The governor, who was joined by the Rev. Al Sharpton, Gwen Carr – Eric Garner's mother – and Valerie Bell – Sean Bell's mother— said the goal of the effort was to “restore trust” between police officers and residents across the state.
“There is no trust between the community and police,” Cuomo said. “And if there’s no trust, the relationship doesn’t work.”
“Sit down at the table with the local community, address these issues, get to the root of these issues, get a plan, pass that plan by your local government, and if you don’t, you’re not going to get any additional state funds—period,” Cuomo said. “We’re not going to fund police agencies in this state that do not look at what has been happening, come to terms with it and reform themselves. We’re not going to be, as a state government, subsiding improper police tactics.”
Cuomo also signed “the most aggressive reforms in the nation” for policing passed by the state Legislature.
The package includes the repeal of the 50-a law shielding police disciplinary records, a ban on choke holds, the appointment of the New York State attorney general as a special prosecutor in cases related to the death of unarmed civilians by law enforcement, and prohibits false, race-based 911 reports.
"This is systemic reform of police departments, this is sitting down and taking a look at exactly what they do and have been doing and looking at it through a new lens of reform and reinvention," Cuomo said.
"These bills mean some substantive change, so we won't be sitting here going over this after the next funeral," Sharpton said.
Sharpton also praised the governor's executive order to local agencies, saying "he has raised the bar on how we deal with policing."
"To say that every mayor must come up with a plan along these areas or they would withhold state money is a model for where we ought to be dealing with 21st century civil rights in this country. Make no mistake, this is a new level that all other 49 governors ought to look at."

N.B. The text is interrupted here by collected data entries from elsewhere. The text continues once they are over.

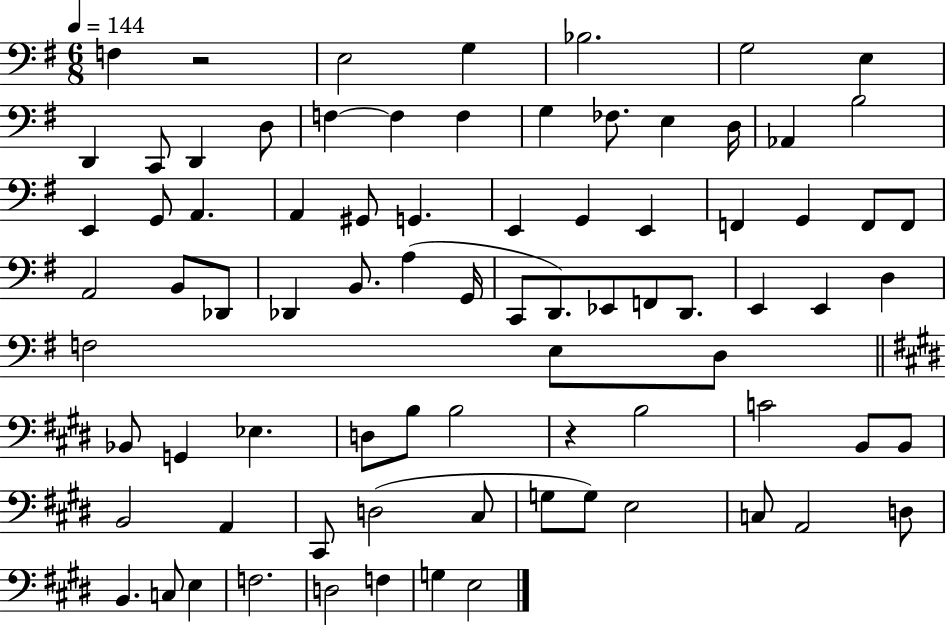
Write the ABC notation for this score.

X:1
T:Untitled
M:6/8
L:1/4
K:G
F, z2 E,2 G, _B,2 G,2 E, D,, C,,/2 D,, D,/2 F, F, F, G, _F,/2 E, D,/4 _A,, B,2 E,, G,,/2 A,, A,, ^G,,/2 G,, E,, G,, E,, F,, G,, F,,/2 F,,/2 A,,2 B,,/2 _D,,/2 _D,, B,,/2 A, G,,/4 C,,/2 D,,/2 _E,,/2 F,,/2 D,,/2 E,, E,, D, F,2 E,/2 D,/2 _B,,/2 G,, _E, D,/2 B,/2 B,2 z B,2 C2 B,,/2 B,,/2 B,,2 A,, ^C,,/2 D,2 ^C,/2 G,/2 G,/2 E,2 C,/2 A,,2 D,/2 B,, C,/2 E, F,2 D,2 F, G, E,2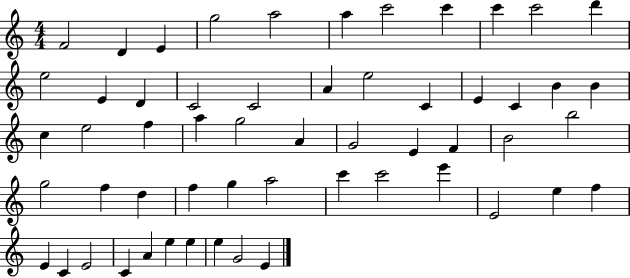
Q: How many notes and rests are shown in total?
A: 56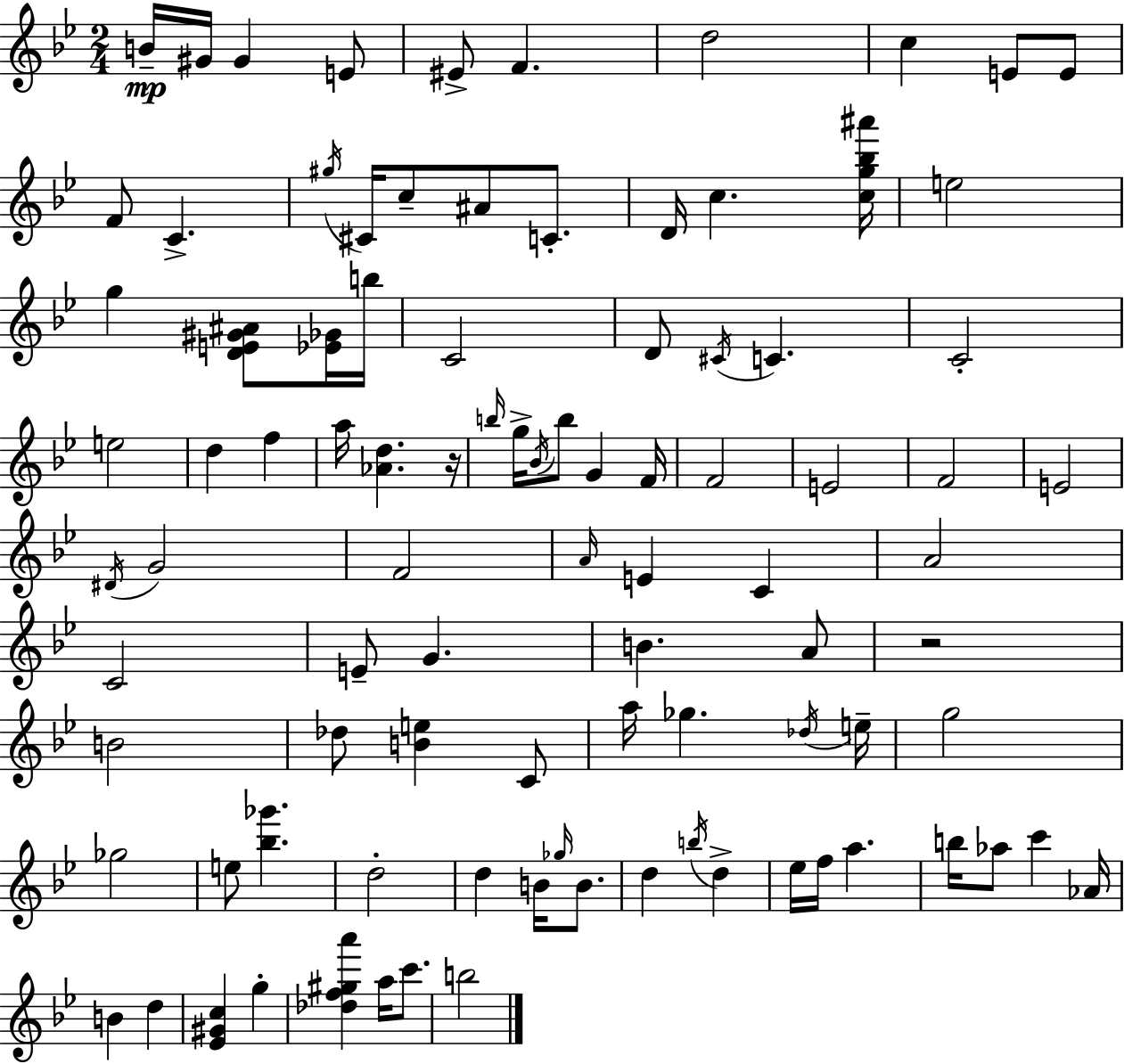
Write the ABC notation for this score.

X:1
T:Untitled
M:2/4
L:1/4
K:Bb
B/4 ^G/4 ^G E/2 ^E/2 F d2 c E/2 E/2 F/2 C ^g/4 ^C/4 c/2 ^A/2 C/2 D/4 c [cg_b^a']/4 e2 g [DE^G^A]/2 [_E_G]/4 b/4 C2 D/2 ^C/4 C C2 e2 d f a/4 [_Ad] z/4 b/4 g/4 _B/4 b/2 G F/4 F2 E2 F2 E2 ^D/4 G2 F2 A/4 E C A2 C2 E/2 G B A/2 z2 B2 _d/2 [Be] C/2 a/4 _g _d/4 e/4 g2 _g2 e/2 [_b_g'] d2 d B/4 _g/4 B/2 d b/4 d _e/4 f/4 a b/4 _a/2 c' _A/4 B d [_E^Gc] g [_df^ga'] a/4 c'/2 b2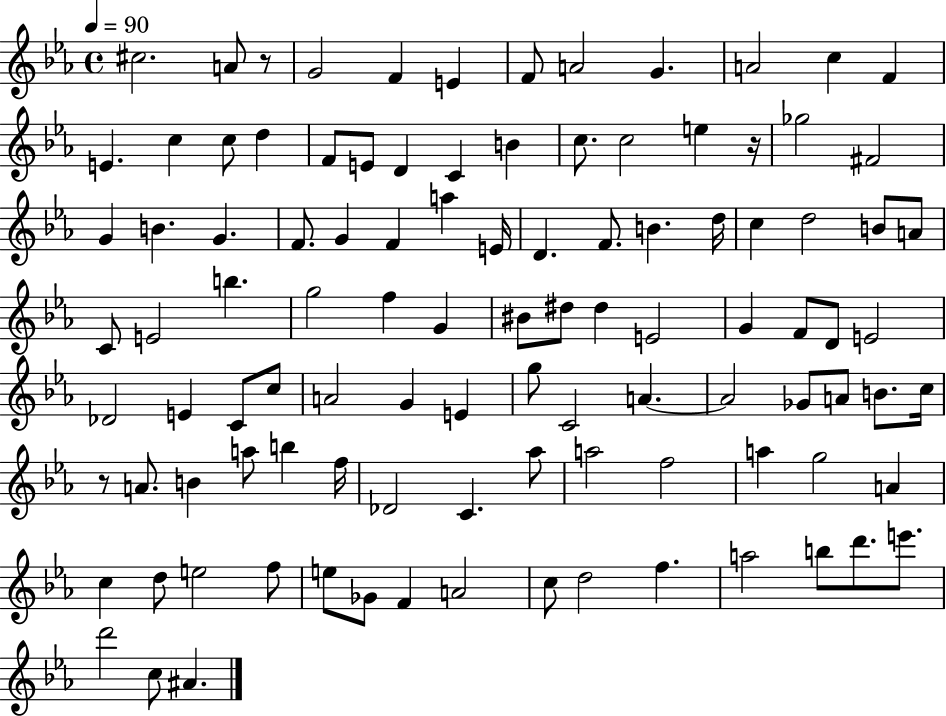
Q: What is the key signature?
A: EES major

The measures come amid widespread protests over policing and racism in America after the death of George Floyd in Minneapolis police custody last month.
Cuomo was also joined by State Senate Leader Andrea Stewart-Cousins, who said, "We know that this is a beginning, but it's a move to bring justice to a system that has long been unjust."
“We are at a moment of reckoning, there’s no question about it,” Stewart-Cousins said. “I’m just so thankful that I have a historic role at this moment. I have an opportunity of leading 40 Senate Democrats, who unanimously decided this was the time.”
State Assembly Speaker Carl Heastie, who was also in attendance, said he thinks Floyd's death "struck a nerve" with people across the nation.
"I actually thought that the bill was going to be Democrat versus Republican," Heastie said. "We had many, many Republicans voting for these bills, because I think the entire world has just said, 'Enough is enough is enough is enough.' How much more bloodshed had to happen for the consciousness and the heart of this nation to finally open up and say, 'We need to do better and we need to be better?'"
New York PBA President Patrick Lynch criticized the signing of the measures.
"Governor Cuomo and our legislative leaders have no business celebrating today. New York state had been failing our communities for decades: failing to provide economic opportunity, failing to educate our youth, failing to care for the vulnerable and the mentally ill," Lynch said in a statement. "Police officers spend our days addressing issues caused by these failures. Now, we won't even be able to do that. We will be permanently frozen, stripped of all resources and unable to do the job. We don't want to see our communities suffer, but this is what Governor Cuomo and our elected leaders have chosen."